La rareté du phénomène a attisé les folies avec comme leader de toutes ces suspicions de fin du monde, Paco Rabanne. Pour une fois sa créativité n’a pas pris la forme de bouts de métaux composant des robes au style follement futuriste, non, cette fois la folie allait plus loin. Le couturier prédisait l’apocalypse, la fin du monde et un immense incendie dans le Gers provoqué par la chute de la station Mir. Comme quoi les prédictions du 21 décembre 2012 n’ont rien amené de nouveau, elles avaient même un point commun avec celle du 11 août 1999 : le sud ouest de la France. En 1999 le Gers était désigné comme un lieu de fin du monde et en 2012 Bugarach, village de l’Aude avait été désigné comme seul lieu épargné par l’apocalypse.
Le 11 août 99, pour moi l’apocalypse n’a eu lieu que dans ma salopette short. Onze ans et premières règles. Quelques années plus tôt alors qu’on rentrait des courses du mercredi après-midi avec ma mère et ma grand-mère, j’ai affirmé, pleine de naïveté « j’aimerais bien avoir mes règles ». Pourquoi ? Je ne fantasmais même pas sur le développement de ma poitrine d’enfant, on est toutes plates dans la famille. Aucune idée, quoi qu’il en soit, le jour où c’est vraiment arrivé j’ai pleuré à chaudes larmes, sans réconfort maternel.

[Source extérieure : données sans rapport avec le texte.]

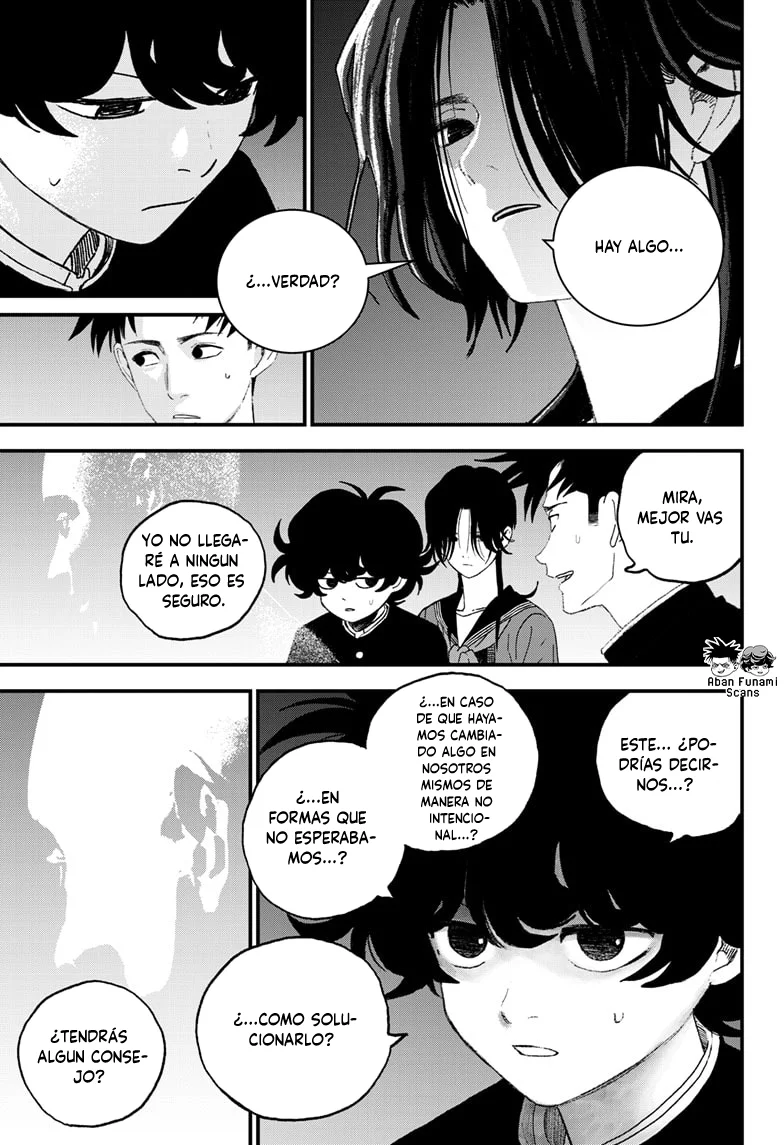 Bug Ego Capítulo 14 - Page 28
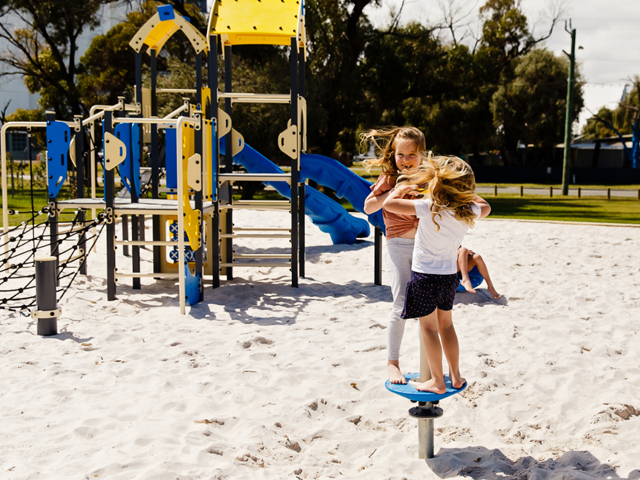 Governor Rd Reserve, Rockingham, WA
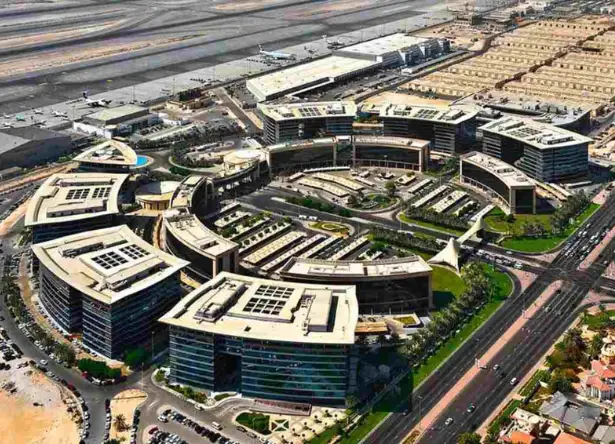 Dubai Airport Free Zone company registration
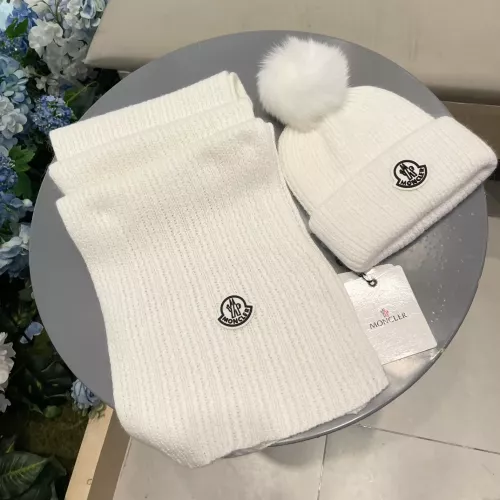 Replica Moncler Hat and Scarf and Glove Set #1279601, $64.00 USD, [ITEM#1279601], Replica Moncler Hat and Scarf and Glove Set outlet from China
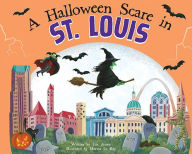 Title: A Halloween Scare in St. Louis, Author: Eric James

Cet été-là les jours passés chez mon père doivent se compter sur moins de dix doigts. Il faut donc s’imaginer que j’étais chez mon Papa, célibataire et un peu macho, pas encore conscient que je n’allais pas rester une enfant casse-cou en cycliste Benetton toute ma vie. Mauvais timing et manque de chance. Une fois sortie des toilettes, la culotte entachée, ne sachant que faire et le cœur au bord des yeux, nous avons connu le meilleur échange père fille possible :
- Papa, je crois que j’ai mes règles
- Oh putain…
Fin de la conversation. Il a ensuite appelé une de ses potes pour qu’elle vienne me raconter que pour commencer on s’en sortira bien avec une serviette de la taille d’une couche culotte. Non, je n’étais pas très renseignée sur le domaine des « trucs de filles ».
Pas de « Oh mon dieu ma fille est une femme » pour moi, et tant mieux. Pas besoin de sermon car d’un coup mon corps est devenu capable d’engendrer.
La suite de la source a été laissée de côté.